También, hemos de apuntar que desde febrero del 2016, “misteriosamente” los camiones del servicio de transporte binacional Ticketon empezaron a sufrir ataques ‘terroristas’, al parecer, por sujetos previamente contratados por los líderes de los taxis amarillos y queremos apuntar esto, porque tienen el mismo sello que lo que sufrieron en su oportunidad otros camiones que prestaban, igualmente, servicio turístico y que tuvieron que desaparecer por tantos daños que les hicieron con los cada vez más frecuentes ataques con piedras y otros objetos y que estaban rotulados como MEXICOACH.

Los empresarios que dirigen el servicio de transporte binacional Ticketon, tienen documentados 22 ataques a sus unidades, en donde pusieron en peligro la vida no sólo de los choferes, sino, principalmente de los turistas que hacen uso de esas unidades para transportarse a algún destino turístico en nuestro estado, del aeropuerto hacia la garita de San Ysidro, incluso para llevarlos a lugares específicos en territorio estadounidense.

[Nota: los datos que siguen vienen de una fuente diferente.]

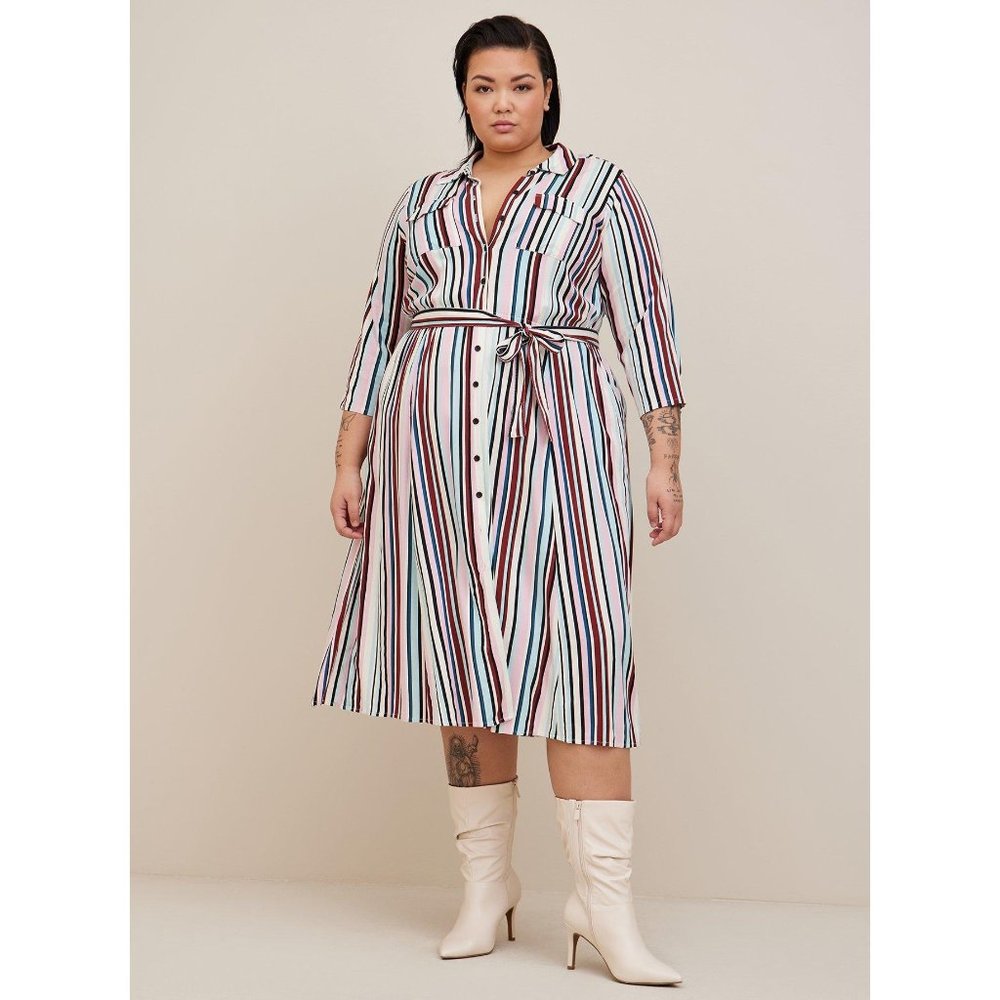 Torrid Midi Stretch Challis Button Front Shirt Dr… - image 1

Las agresiones a otras unidades de transporte, a las cuales consideraban sus enemigos, se suman a las cientos de quejas que obran en contra de esos taxistas, porque fueron muchos los turistas que sufrieron agresiones solamente por rechazar ese servicio.

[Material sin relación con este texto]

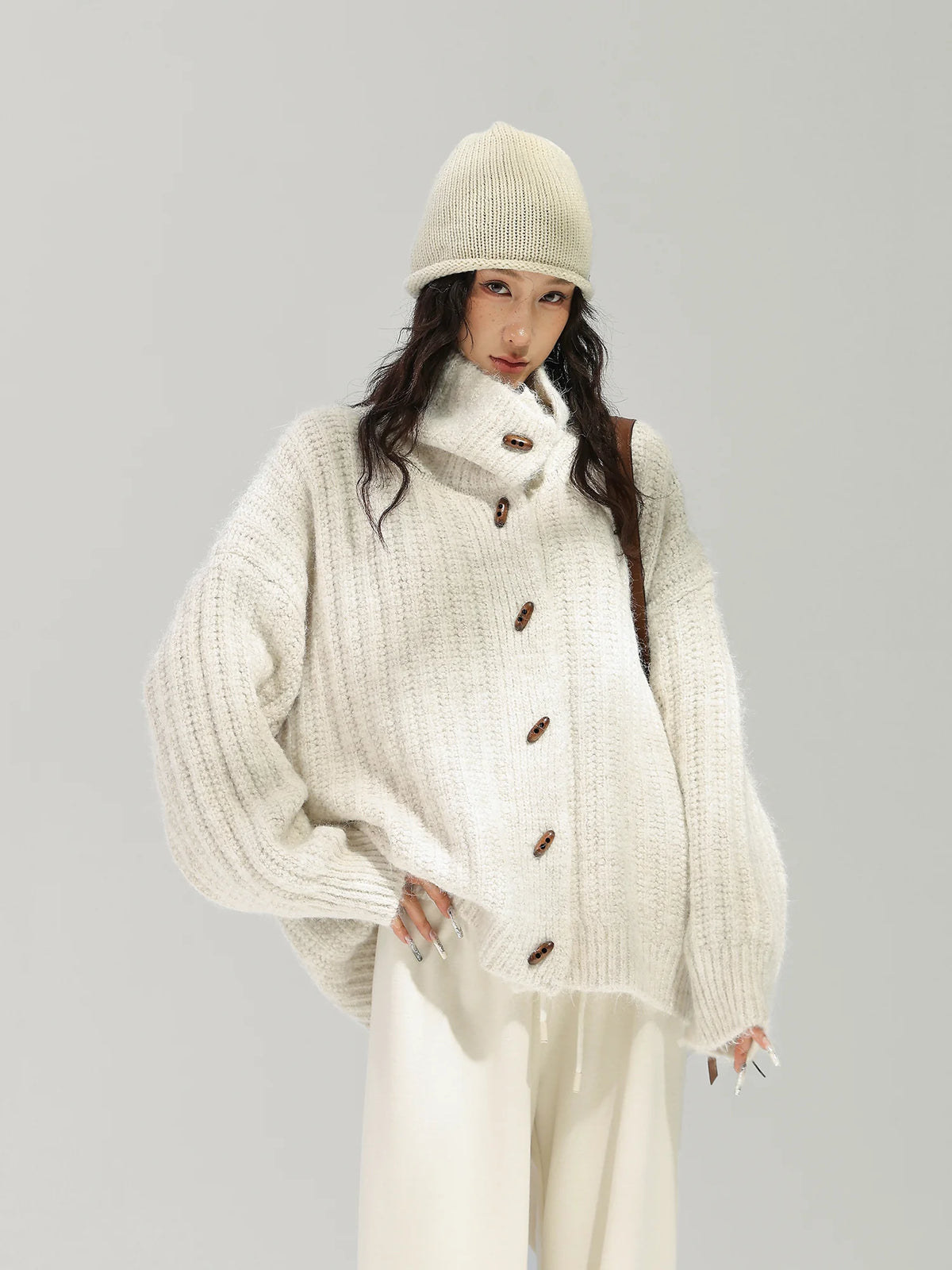 Stand Collar Ribbed Knit Cardigan ACS0392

No hace muchos años, cuando surgen los taxis libres, los taxistas amarillos agredieron a decenas de choferes de esas unidades, porque no querían verlos en las cercanías de la línea internacional, ya fuera para dejar a las personas que los habían contratado y, menos, para subir a personas que los eligieran a su regreso de haber realizado sus compras procedentes de San Diego, California.

Algo similar sucede a la llegada del servicio Uber, empresa que al igual que Ticketon, ha presentado un sinnúmero de denuncias en contra de los choferes de los taxis amarillos, querellas que, seguramente, duermen el sueño de los justos, porque las autoridades investigadoras no han hecho su trabajo para poder imponer el castigo que merecen los agresores.

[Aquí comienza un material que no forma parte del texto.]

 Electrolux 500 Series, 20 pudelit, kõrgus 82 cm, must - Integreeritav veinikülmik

Tenemos que precisar que los abusos cometidos hace años, estuvieron dirigidos, impulsados o tolerados por el ya desaparecido líder de la CROC, Rafael Morales Vizcarra, a quien todos sus amigos le decían “El Quelite” y quien es el padre del actual dirigente de los taxis amarillos, Oscar Rafael Morales Barrón, quien sigue sus pasos, porque esa fue su herencia, que para muchos es maldita porque han sido víctimas de esos “gorilas”.

También tenemos que decir, que las autoridades actuaron en contra de los taxis amarillos, por la bestial golpiza que les propinaron a un grupo de cinco jóvenes que llegaron a nuestra ciudad procedentes de San Diego, luego que fueron a ver un juego de béisbol, pero que al cruzar la línea internacional contrataron el servicio de Uber para que los condujera a su destino.

El salvajismo con que fueron golpeados, todavía mantiene en el hospital a uno de los jóvenes que sufrió triple fractura en el tabique nasal, le dislocaron el hombro y le fracturaron el brazo un brazo, hecho que fue “la gota que derramó el vaso”, porque a partir de ese momento el alcalde instruyó al secretario de seguridad pública municipal para que junto con otros funcionarios les retiraran los sitios y espacios en donde los taxistas amarillos asentaron o permitieron que se instalaran vendedores ambulantes.

Para concluir, habremos de decir también, que gracias a su abusiva conducta, los medos informativos locales y extranjeros han puesto en alerta a los usuarios del transporte, para que no utilicen los servicios de los taxis amarillo, por considerarlos agresivos e irrespetuosos, además que lograron el desprestigio de nuestra ciudad.